Below is a listing; transcribe it exactly but without any images.
------ DATA SHOWN
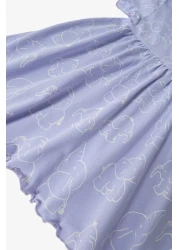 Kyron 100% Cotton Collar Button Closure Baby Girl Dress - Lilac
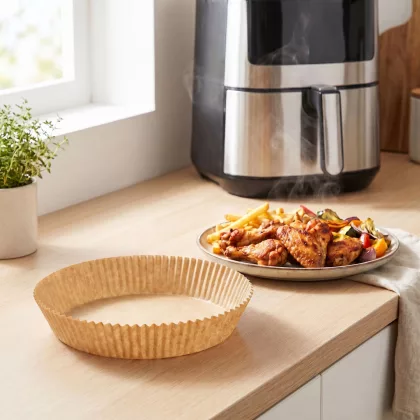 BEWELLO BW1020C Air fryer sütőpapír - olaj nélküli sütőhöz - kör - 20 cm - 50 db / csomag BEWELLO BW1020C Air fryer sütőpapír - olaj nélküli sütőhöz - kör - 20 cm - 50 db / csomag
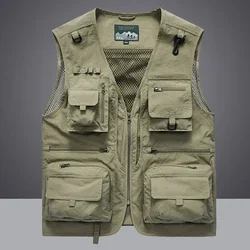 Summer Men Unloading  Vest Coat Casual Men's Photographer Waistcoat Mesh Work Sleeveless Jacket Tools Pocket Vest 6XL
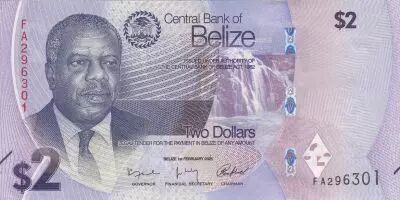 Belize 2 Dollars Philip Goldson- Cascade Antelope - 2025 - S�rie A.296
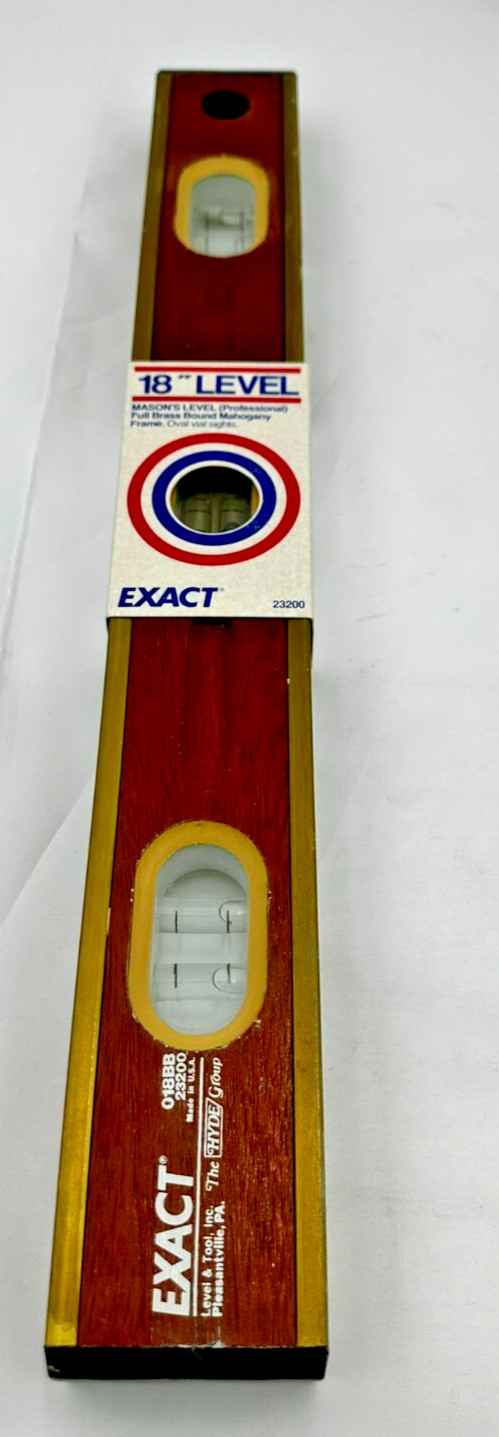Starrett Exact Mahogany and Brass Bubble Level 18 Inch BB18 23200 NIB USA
------------
_EXERCISE OUTPUT_:
 Kyron 100% Cotton Collar Button Closure Baby Girl Dress - Lilac
 BEWELLO BW1020C Air fryer sütőpapír - olaj nélküli sütőhöz - kör - 20 cm - 50 db / csomag BEWELLO BW1020C Air fryer sütőpapír - olaj nélküli sütőhöz - kör - 20 cm - 50 db / csomag
 Summer Men Unloading  Vest Coat Casual Men's Photographer Waistcoat Mesh Work Sleeveless Jacket Tools Pocket Vest 6XL
 Belize 2 Dollars Philip Goldson- Cascade Antelope - 2025 - S�rie A.296
Starrett Exact Mahogany and Brass Bubble Level 18 Inch BB18 23200 NIB USA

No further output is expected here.